Generated Caption: this is an image of a flow diagram that shows how to use the system


In [None]:
pip install groq



In [12]:
import base64
from groq import Groq

from google.colab import userdata
groq_api_key=userdata.get('groq_api_key')

client = Groq(api_key=groq_api_key)

def encode_image(image_path):
    with open(image_path, "rb") as image_file:
        return base64.b64encode(image_file.read()).decode("utf-8")

def generate_image_description(image_input):

    if image_input.startswith("http"):
        image_data = {"type": "image_url", "image_url": {"url": image_input}}
    else:
        base64_image = encode_image(image_input)
        image_data = {"type": "image_url", "image_url": {"url": f"data:image/jpeg;base64,{base64_image}"}}

    completion = client.chat.completions.create(
        model="llama-3.2-11b-vision-preview",
        messages=[
            {
                "role": "user",
                "content": [
                    {"type": "text", "text": "Describe the image."},
                    image_data
                ]
            }
        ],
        temperature=0.7,
        max_completion_tokens=512,
        top_p=1,
    )

    return completion.choices[0].message.content

image_input = "https://www.cybermedian.com/wp-content/uploads/2022/02/0j3G8oZH4Yj5voOmG.png"
#image_input = "cycles.png"

image_description = generate_image_description(image_input)
print("Image Description:", image_description)



Image Description: The image presents a flowchart that outlines the steps involved in navigating a route.

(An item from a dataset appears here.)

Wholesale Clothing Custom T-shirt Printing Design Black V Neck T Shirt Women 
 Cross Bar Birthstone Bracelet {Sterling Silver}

The flowchart is divided into several sections, each representing a different stage in the process.

* **Start**:
	+ The flowchart begins with a "Start" section, which is represented by a pink oval.
	+ This section serves as the starting point for the flowchart and initiates the process of navigating a route.
* **Power On**:
	+ The next section is "Power On," which is represented by a yellow rectangle with a blue background.
	+ This section indicates that the device has been turned on, and the system is ready to begin the route navigation process.
* **Scan Environment**:
	+ The following section is "Scan Environment," which is represented by a yellow rectangle with a blue background.
	+ This section suggests that the device is scanning its surroundings to gather information about the environment.
* **Generate Map and Location**:
	+ The next section is "Generate Map and Location," w